# Exercise details
What are the lines, word for word, from the line with "Hey everyone, today" up to and including the line with "Hi, I'm Kara" in the records below? Omit the pictures.

# Information
=-=-=
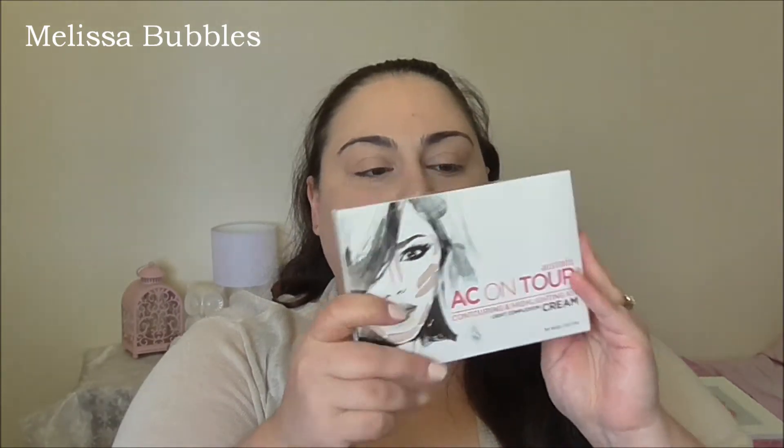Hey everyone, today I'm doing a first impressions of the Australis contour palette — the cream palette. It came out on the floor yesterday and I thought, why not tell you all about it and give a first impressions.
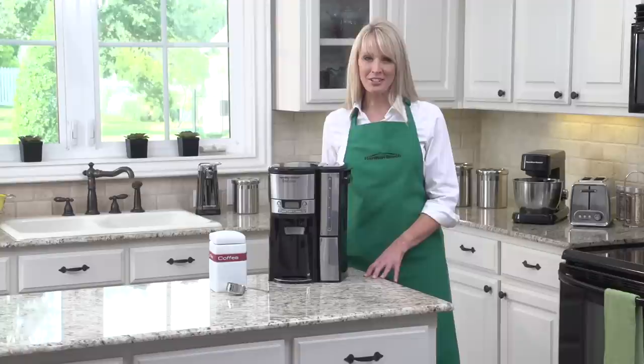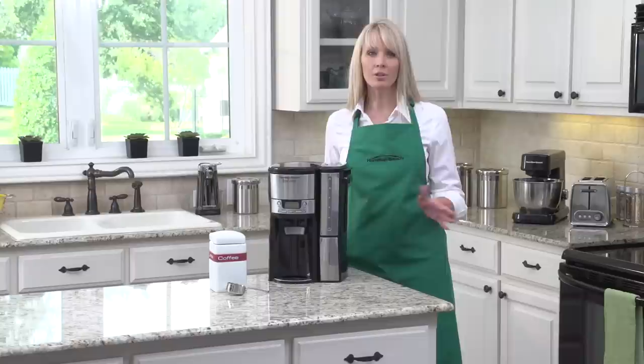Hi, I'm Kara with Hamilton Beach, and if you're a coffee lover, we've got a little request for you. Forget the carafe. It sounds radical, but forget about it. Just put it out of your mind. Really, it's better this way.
=-=-=
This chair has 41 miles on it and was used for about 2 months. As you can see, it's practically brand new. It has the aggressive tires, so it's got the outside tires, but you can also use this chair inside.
=-=-=
# Result of this exercise
Hey everyone, today I'm doing a first impressions of the Australis contour palette — the cream palette. It came out on the floor yesterday and I thought, why not tell you all about it and give a first impressions.
Hi, I'm Kara with Hamilton Beach, and if you're a coffee lover, we've got a little request for you. Forget the carafe. It sounds radical, but forget about it. Just put it out of your mind. Really, it's better this way.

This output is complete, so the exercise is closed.